Assignment
Ignoring every picture, transcribe the data in full as it stands.

Records supplied
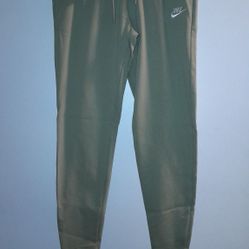 Women's Nike Jogger Pants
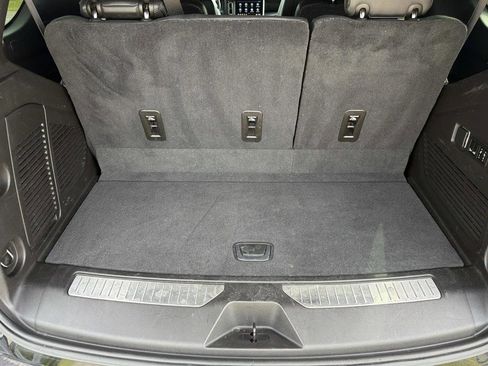 Used 2021 GMC Yukon Denali w/ Denali Premium Package image 17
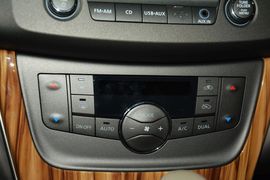 2014款日产轩逸1.6XV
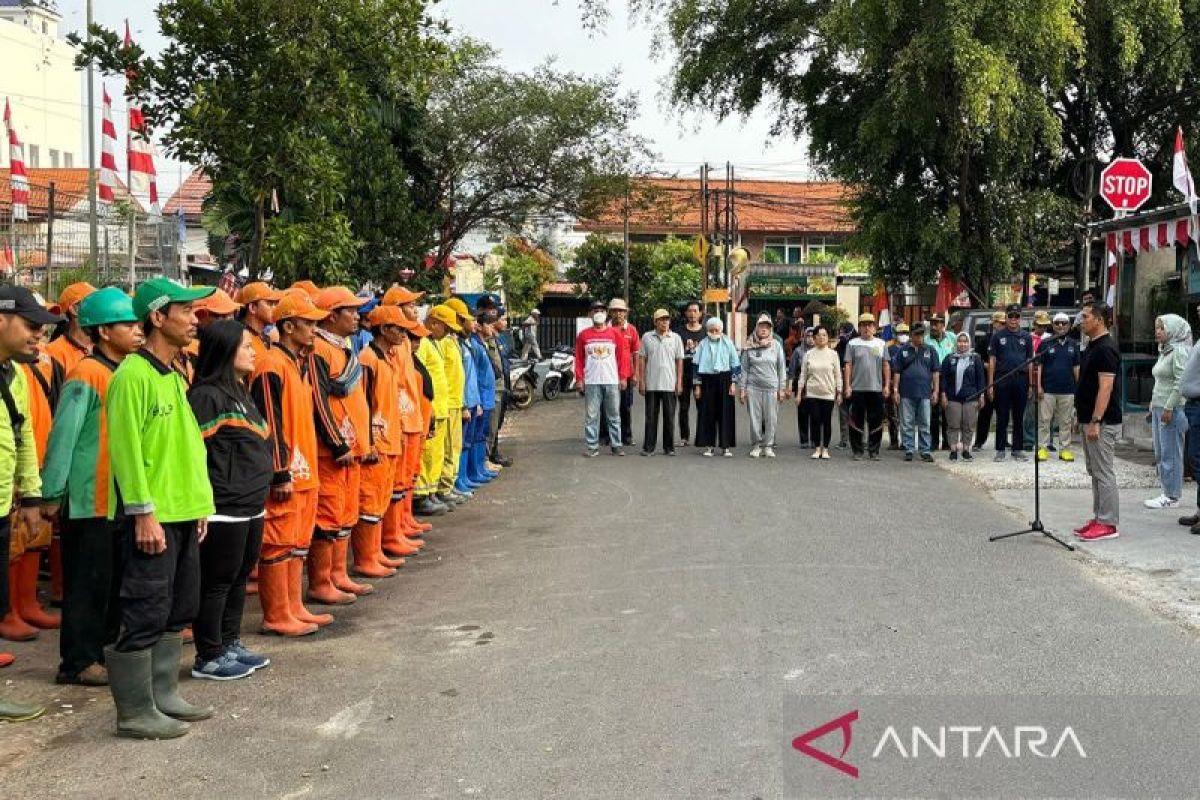 Cempaka Putih lakukan gerebek lumpur untuk cegah genangan saat hujan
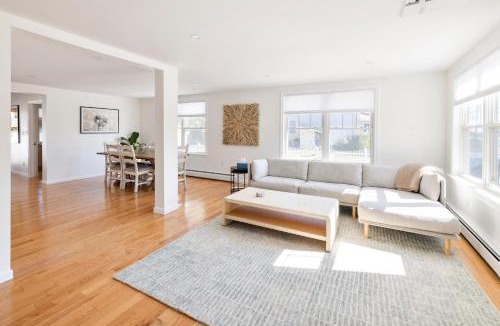 Scarborough House | Bright 3BR Beach House, 4-Min Walk & Fire Pit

Output for this exercise
 Women's Nike Jogger Pants
 Used 2021 GMC Yukon Denali w/ Denali Premium Package image 17
 2014款日产轩逸1.6XV
 Cempaka Putih lakukan gerebek lumpur untuk cegah genangan saat hujan
 Scarborough House | Bright 3BR Beach House, 4-Min Walk & Fire Pit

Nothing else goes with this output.